Given the complexity of the rp and the depth of the fix that is required, the appropriate fix, to me, seems to be to replace the instances of ad_conn url with a proc that has predicted behavior, ie returns ad_conn url for mainsite, and a modified url for the host-node mapped sites (when serving pages from there). site_node::conn_url *was* supposed to help support creating a proc like this, but it *is* broken at the moment.. I'll see if I can re-create the proc as a replacement for ad_conn url as originally intended.

cheers,

Torben

Collapse
Posted by Dave Bauer on
I still maintain the correct fix is to stop trying to mix URLs outside of a host-mapped subsite with those in the subsite.

To fix this you need to update packages such as notifications, search, and any other to handle all the facilities using the EMBEDs feature. This is very easy to do, but of course, I am not going to explain it here :) Ok I'll give the short short version. You just edit the APM dependency settings to embed the existing package. Any web accesible files you want to embed go into package-key/embed/ directory and they are avaiable under /my-package/search (for example). That should be it. It finally solves the issue of keeping context for these site-wide services.

Then what you want to do is embed these into your subsite package.

If your subsite has unique behavior you should create a new subsite that inherits from the acs-subsite package and put your custom code in the new subsite package.

Seriously. If you can upgrade to OpenACS 5.7 your life will be much easier.

Collapse
Posted by Ryan Gallimore on
Dave, how does embedding help when ad_conn url will still return incorrectly? Eduardo's links identify the hack that detects the subsite "root" of the URL and handles GETs but not POSTs.

What if the page I am posting to is a lib file inside acs-subsite? I can't very well embed acs-subsite inside (as in my case) a package that extends it.

I don't see getting the proper URL as unique behaviour.
Calling ad_conn url while in http://mapped_host/
should return "/" not /subsite/

Collapse
Posted by Dave Bauer on
I agree.
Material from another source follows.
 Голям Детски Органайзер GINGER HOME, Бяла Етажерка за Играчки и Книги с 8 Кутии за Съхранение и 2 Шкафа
Use the correct URL. Fix whatever code is returning the wrong URL. I can't see any case where ad_conn URL returning something that is outside the host mapped site makes any sense.
Collapse
Posted by Ryan Gallimore on
In OCT it was decided that the erroneous URLs would be fixed instead of the RP. This is most likely MUCH easier.
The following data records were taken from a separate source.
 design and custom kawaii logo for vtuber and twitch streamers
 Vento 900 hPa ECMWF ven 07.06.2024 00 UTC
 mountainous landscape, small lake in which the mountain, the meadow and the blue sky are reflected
These URLs don't satisfy the redirect condition in the RP so the POST is processed.

For the permissions admin include, here is an example of a modification on oacs-5-6 branch:

Index: www/permissions/perm-include.tcl
===================================================================
RCS file: /cvsroot/openacs-4/packages/acs-subsite/www/permissions/perm-include.tcl,v
retrieving revision 1.11
diff -u -r1.11 perm-include.tcl
--- www/permissions/perm-include.tcl 4 Jan 2008 16:34:01 -0000 1.11
+++ www/permissions/perm-include.tcl 17 Aug 2011 17:38:00 -0000
@@ -61,9 +61,7 @@
display_template {input type="checkbox" name="perm" value="@permissions.grantee_id@,remove"}
}

-
-
-set perm_url "[ad_conn subsite_url]permissions/"
+set perm_url "[subsite::get_url]permissions/"

if { ![exists_and_not_null user_add_url] } {
set user_add_url "${perm_url}perm-user-add"

Collapse
Posted by Torben Brosten on
Ryan,

So.. ad_conn url should be replaced with subsite::get_url for all/most cases, right?

How nice it is to see the functionality already available, if only buried in obscure jargon.

cheers,

Torben

Collapse
Posted by Torben Brosten on
I see now.. a direct replacement will still need the tail portion of ad_conn url, if any.
Collapse
Posted by Torben Brosten on
Okay, site_node::conn_url is fixed on cvs head.

It now is a replacement for ad_conn url as previously suggested.

Let me know if there's any issues with it.